A petition on Change.org asking Gov. Tom Wolf and the pardons board to commute Brookins' sentence has collected more than 8,000 signatures.

The petition notes his behavior since going to prison, which includes becoming a certified yoga instructor, earning a degree from Pennsylvania State College of Horticulture and creating a fitness and wellness program used at Phoenix State Correctional Institution, in Collegeville, where he is incarcerated.

But, in a letter to the Board of Pardons, Bucks County Chief Deputy District Attorney Jill Graziano laid out her office's case. It says Brookins' fingerprints were found at the crime scene, including a bloody fingerprint found on a television remote near Ginsberg's body.

She says Brookins repeatedly changed his story during three police interviews in 1991 and claims he made up a story about walking in on Ginsberg's daughter attacking her mother.

According to the letter, no physical evidence was ever found linking Ginsberg's daughter to the killing.
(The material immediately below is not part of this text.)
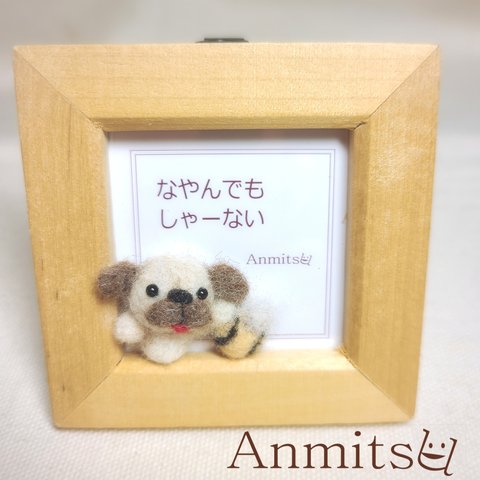 メッセージわんこ　パグ　羊毛　犬　いぬ　わんこ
"His repeated denials, his ever-changing account of events and his failure to report to police or anyone else his apparent discovery of Sheila Ginsberg's murder makes his attempt to explain away the physical evidence against him wholly unbelievable," Graziano wrote. "The Bucks County District Attorney's Office asks this Board not to be swayed by conjecture or the false specter of an innocent man in prison. John Brookins is not innocent, and he does not deserve clemency in the murder of Sheila Ginsberg."

The letter goes on to say evidence showed Ginsberg's injuries would have required a "great deal" or "considerable amount" of force unlikely from her daughter, who was 5 feet tall and weighed between 80-90 pounds.

Brookins request is scheduled for a Board of Pardons session set to start at 3 p.m. Thursday. The session may be viewed online.